▸ **TO DO**: Could you retype all of the entries exactly, without their pictures?

Start of DATA SHOWN

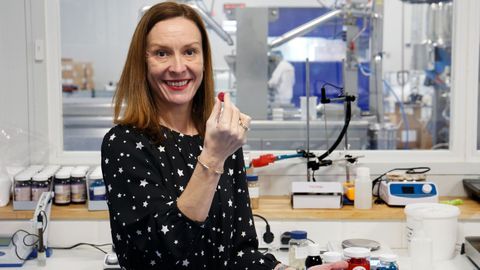 Mercedes Toscano, cofundadora de la empresa Minimelis, que fabrica golosinas sin az&uacute;car en su planta de Nigr&aacute;n.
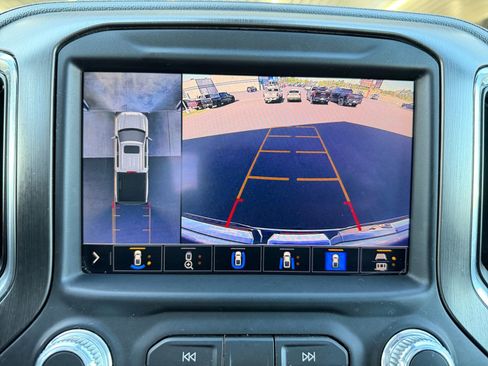 Used 2021 GMC Sierra 1500 AT4 w/ AT4 Value Package AWD/4WD image 21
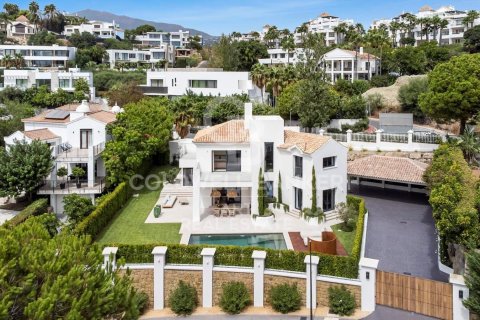 Villa till salu i Benahavis, Malaga, Spanien 4 sovrum, 334 kvm. Nr. 157716 - foto 21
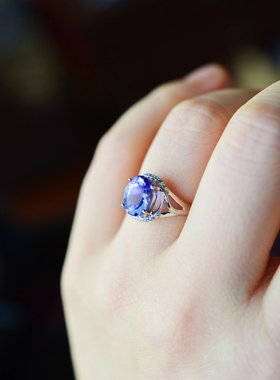 一斤钻戒 天然坦桑石戒指 多切面工艺18k白金手工镶嵌 南非钻石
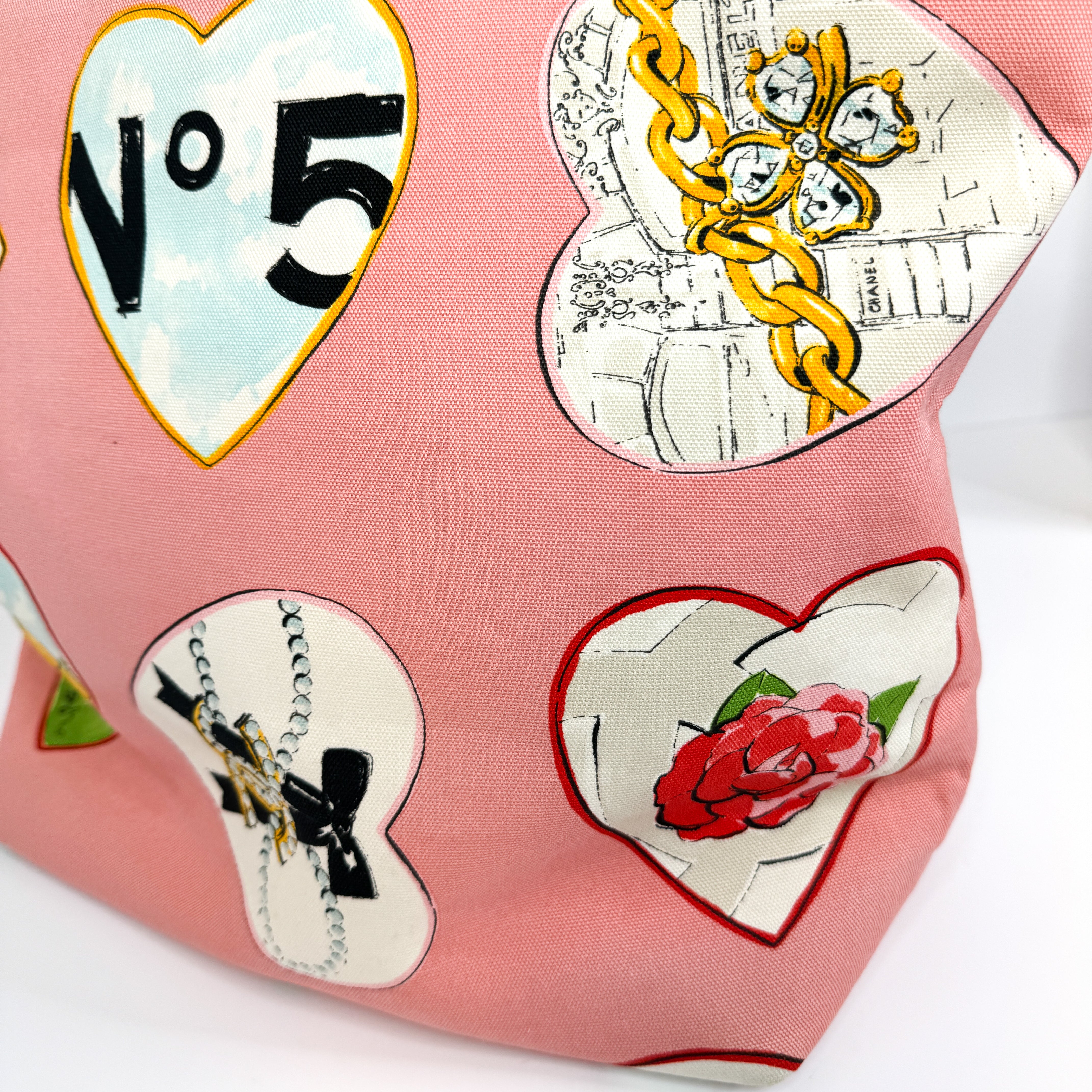 Pre-Owned Authentic Chanel Coco Hearts 2006 Karl Lagerfeld Cruise Collection Valentine's Day Pink Tote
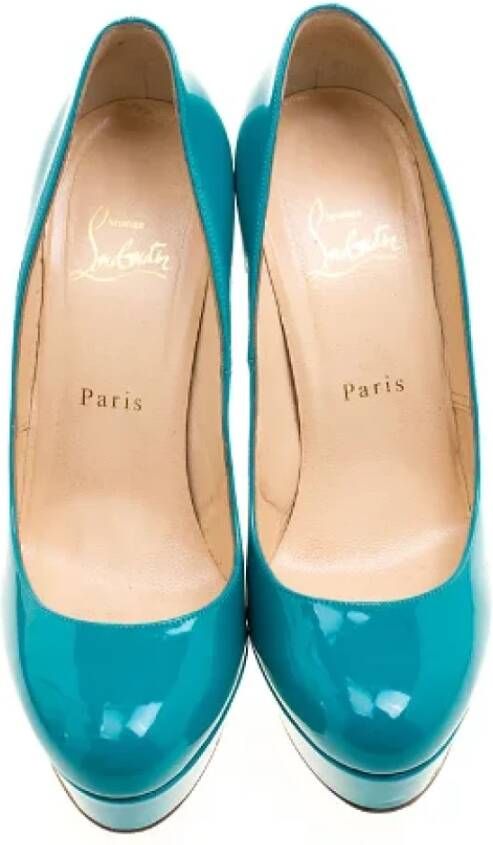 Christian Louboutin Pre-owned Leather heels Green Dames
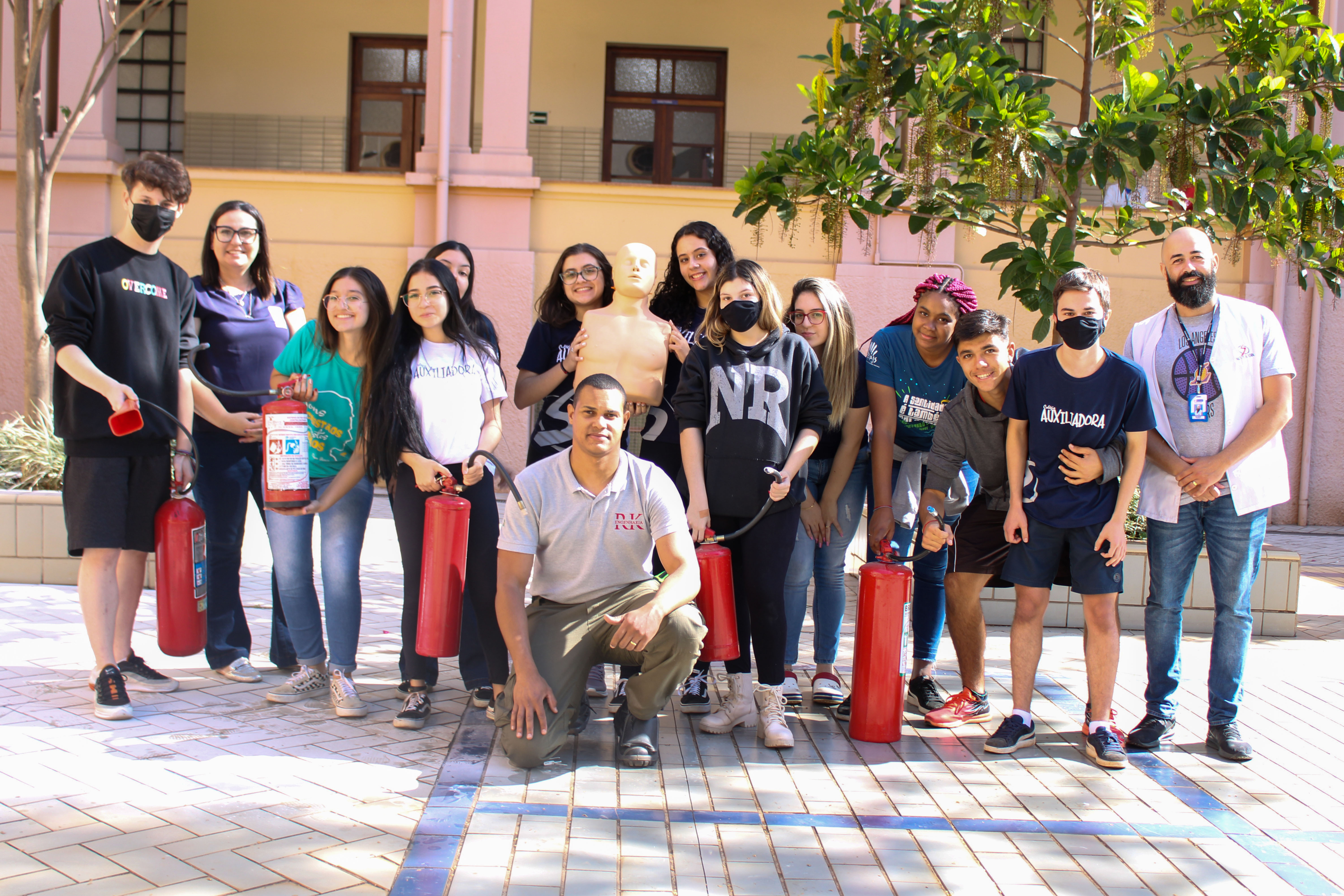 Alunos do Ensino Médio participam de simulação de incêndio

End of DATA SHOWN

▸ **WRITTEN RESPONSE**:
 Mercedes Toscano, cofundadora de la empresa Minimelis, que fabrica golosinas sin az&uacute;car en su planta de Nigr&aacute;n.
 Used 2021 GMC Sierra 1500 AT4 w/ AT4 Value Package AWD/4WD image 21
 Villa till salu i Benahavis, Malaga, Spanien 4 sovrum, 334 kvm. Nr. 157716 - foto 21
 一斤钻戒 天然坦桑石戒指 多切面工艺18k白金手工镶嵌 南非钻石
 Pre-Owned Authentic Chanel Coco Hearts 2006 Karl Lagerfeld Cruise Collection Valentine's Day Pink Tote
 Christian Louboutin Pre-owned Leather heels Green Dames
 Alunos do Ensino Médio participam de simulação de incêndio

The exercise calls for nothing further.